* [Problem to work on]: Which of the lines below hold the word "Baby"? Pull each of them out.

Provided entries Block Start

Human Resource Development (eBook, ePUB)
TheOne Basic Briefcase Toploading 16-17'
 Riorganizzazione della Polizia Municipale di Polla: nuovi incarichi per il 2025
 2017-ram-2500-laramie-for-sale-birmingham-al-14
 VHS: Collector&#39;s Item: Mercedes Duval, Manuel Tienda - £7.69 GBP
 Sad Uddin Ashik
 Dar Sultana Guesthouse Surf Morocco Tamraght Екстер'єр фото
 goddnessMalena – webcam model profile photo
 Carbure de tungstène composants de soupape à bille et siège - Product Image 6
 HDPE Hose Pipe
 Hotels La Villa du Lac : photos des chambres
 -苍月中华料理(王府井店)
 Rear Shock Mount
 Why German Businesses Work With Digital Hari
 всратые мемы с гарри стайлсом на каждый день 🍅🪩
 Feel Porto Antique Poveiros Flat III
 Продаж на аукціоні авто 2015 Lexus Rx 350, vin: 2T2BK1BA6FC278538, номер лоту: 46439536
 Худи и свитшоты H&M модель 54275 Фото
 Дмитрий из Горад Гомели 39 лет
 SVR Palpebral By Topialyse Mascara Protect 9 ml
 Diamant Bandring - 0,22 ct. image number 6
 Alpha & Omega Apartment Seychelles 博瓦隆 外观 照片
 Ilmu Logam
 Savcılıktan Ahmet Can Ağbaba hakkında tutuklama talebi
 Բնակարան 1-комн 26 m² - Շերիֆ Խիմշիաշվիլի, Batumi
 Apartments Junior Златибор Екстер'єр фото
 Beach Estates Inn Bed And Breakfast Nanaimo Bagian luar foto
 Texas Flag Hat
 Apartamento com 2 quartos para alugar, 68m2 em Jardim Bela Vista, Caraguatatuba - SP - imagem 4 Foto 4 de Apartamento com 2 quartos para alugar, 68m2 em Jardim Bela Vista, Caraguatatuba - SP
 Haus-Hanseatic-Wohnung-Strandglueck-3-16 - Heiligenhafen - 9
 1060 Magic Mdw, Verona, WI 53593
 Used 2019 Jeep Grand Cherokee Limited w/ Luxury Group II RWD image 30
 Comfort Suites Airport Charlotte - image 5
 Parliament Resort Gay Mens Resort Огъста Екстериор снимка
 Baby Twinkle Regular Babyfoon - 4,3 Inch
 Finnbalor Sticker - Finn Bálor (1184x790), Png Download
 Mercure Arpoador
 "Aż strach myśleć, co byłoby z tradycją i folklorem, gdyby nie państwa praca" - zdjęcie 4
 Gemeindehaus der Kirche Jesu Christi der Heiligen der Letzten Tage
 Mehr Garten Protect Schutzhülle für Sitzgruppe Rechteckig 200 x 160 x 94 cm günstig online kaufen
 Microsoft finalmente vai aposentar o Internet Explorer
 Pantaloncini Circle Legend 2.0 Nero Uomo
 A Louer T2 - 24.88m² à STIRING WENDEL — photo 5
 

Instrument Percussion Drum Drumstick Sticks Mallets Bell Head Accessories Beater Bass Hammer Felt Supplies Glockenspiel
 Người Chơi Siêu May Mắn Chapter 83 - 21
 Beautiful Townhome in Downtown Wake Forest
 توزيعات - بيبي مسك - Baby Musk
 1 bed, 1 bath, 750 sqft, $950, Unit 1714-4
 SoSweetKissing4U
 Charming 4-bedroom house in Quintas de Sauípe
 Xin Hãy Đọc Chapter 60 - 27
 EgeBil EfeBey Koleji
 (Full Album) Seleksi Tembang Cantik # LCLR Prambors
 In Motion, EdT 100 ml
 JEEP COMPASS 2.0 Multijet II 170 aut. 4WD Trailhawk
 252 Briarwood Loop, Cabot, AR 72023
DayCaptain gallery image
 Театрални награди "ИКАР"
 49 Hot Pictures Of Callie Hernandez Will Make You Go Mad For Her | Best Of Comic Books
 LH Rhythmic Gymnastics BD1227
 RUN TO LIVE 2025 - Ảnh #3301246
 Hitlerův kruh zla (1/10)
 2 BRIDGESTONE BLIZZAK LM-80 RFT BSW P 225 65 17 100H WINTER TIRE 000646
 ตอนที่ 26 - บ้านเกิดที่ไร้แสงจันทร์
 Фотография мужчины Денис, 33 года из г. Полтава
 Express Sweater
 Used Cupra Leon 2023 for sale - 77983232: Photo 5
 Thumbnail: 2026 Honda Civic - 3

Provided entries Block End

* [Exercise response]:
 Baby Twinkle Regular Babyfoon - 4,3 Inch
 توزيعات - بيبي مسك - Baby Musk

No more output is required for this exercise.